Basic Analysis of USD/JPY for June 18, 2018 888011000 110888 USD/JPY has actually been making higher lows just recently despite the volatile structure of the market. After breaching above 110.50 location recently, the price has actually pressed lower listed below 110.50 again impulsively that is more likely to inject particular bearish pressure in the market.After the recent Federal Funds Rate trek from 1.75% to 2.00 %, USD did not acquire much momentum over JPY as expected. USD is still struggling for gains over JPY ahead of Fed Chair Powell’s speech. He is going to discuss the short-term rates of interest and future monetary policy at the conference in Portugal on Wednesday. After the recent rate walking by the United States Fed, his remarks are anticipated to provide the needed push for USD to motivate more gains in the coming days. On the other hand, JPY has not been rather excellent amidst the recent financial reports but still handles to sustain the momentum against USD for a while. Regardless of the Bank of Japan’s choice to keep the key rate of interest at -0.10%recently, JPY managed to keep the USD pressure low in the market. Today, Japan’s Trade Balance report was released with a reduction to -0.30 T from the previous figure of 0.45 T which was anticipated to be at 0.14 T, which did not impact JPY strength at all. Furthermore, today BOJ Governor Kuroda is going to discuss the policy strategies and measures to be required to enhance the financial conditions in the future. As for the existing scenario, today the pair is expected to be quite volatile as 2 market-moving events are going to be held both in the US and Japan. Though USD has greater likelihoods to control further over JPY, it is not going to be a easy and straight path to take. Specific correction and higher volatility are anticipated along the method, though the odds are that JPY will keep momentum. Now let us take a look at the technical view. The set is trading in a bearish bias, intending to trade below 110.50 while doing so. Though the price structure is still rather corrective, holding above the vibrant level of 20 EMA suggests the bullish momentum in the pair. As the price stays above 108.50 location with a day-to-day close despite having certain pullbacks, the bullish bias is expected to continue even more. The material has been offered by InstaForex Business-www.instaforex.com

By | June 18, 2018

USD/JPY has been making higher lows recently despite the volatile structure of the market. After breaching above 110.50 area recently, the price has pushed lower below 110.50 again impulsively that is more likely to inject certain bearish pressure in the market.
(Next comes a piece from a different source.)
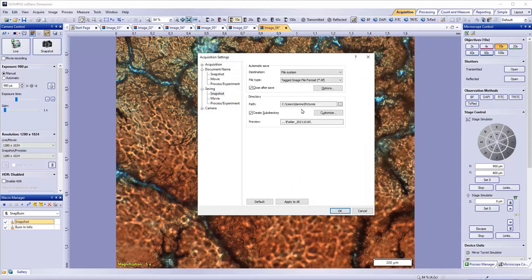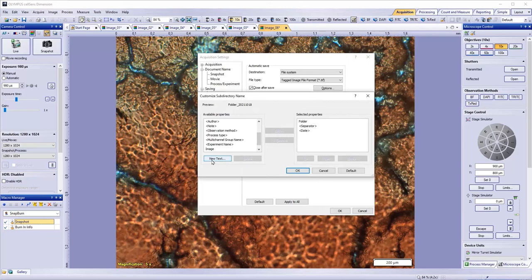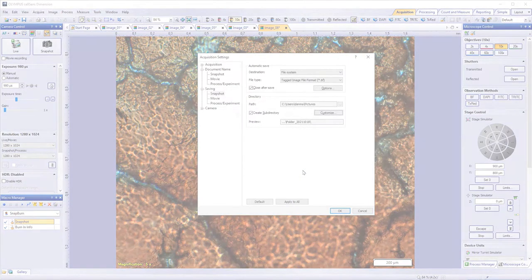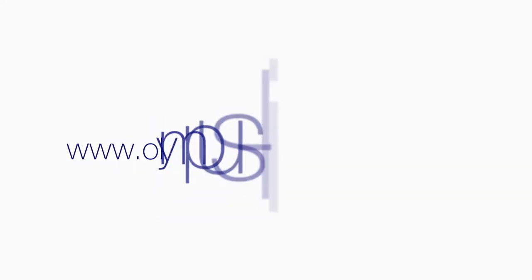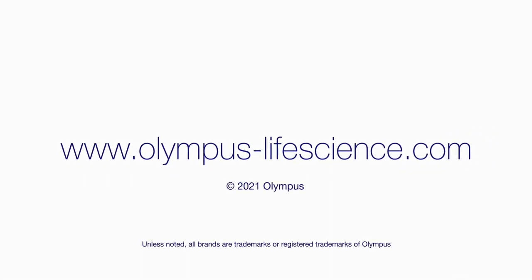To change the subdirectory's name, click the Customize button to see the available criteria, or click the New Text if you want to add your own. For more information, visit olympus-lifescience.com.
After the recent Federal Funds Rate hike from 1.75% to 2.00%, USD did not gain much momentum over JPY as expected. USD is still struggling for gains over JPY ahead of Fed Chair Powell’s speech. He is going to speak about the short-term interest rates and future monetary policy at the conference in Portugal on Wednesday. After the recent rate hike by the US Fed, his remarks are expected to provide the required push for USD to encourage further gains in the coming days.

On the other hand, JPY has not been quite impressive amid the recent economic reports but still manages to sustain the momentum against USD for a while. Despite the Bank of Japan’s decision to keep the key interest rate at -0.10% last week, JPY managed to keep the USD pressure low in the market. Today, Japan’s Trade Balance report was published with a decrease to -0.30T from the previous figure of 0.45T which was expected to be at 0.14T, which did not quite affect JPY strength at all. Moreover, this week BOJ Governor Kuroda is going to speak about the policy plans and measures to be taken to improve the economic conditions in the future.

As for the current scenario, this week the pair is expected to be quite volatile as two market-moving events are going to be held both in the US and Japan. Though USD has greater probabilities to dominate further over JPY, it is not going to be a straight and easy route to take. Certain correction and higher volatility are expected along the way, though the odds are that JPY will keep momentum.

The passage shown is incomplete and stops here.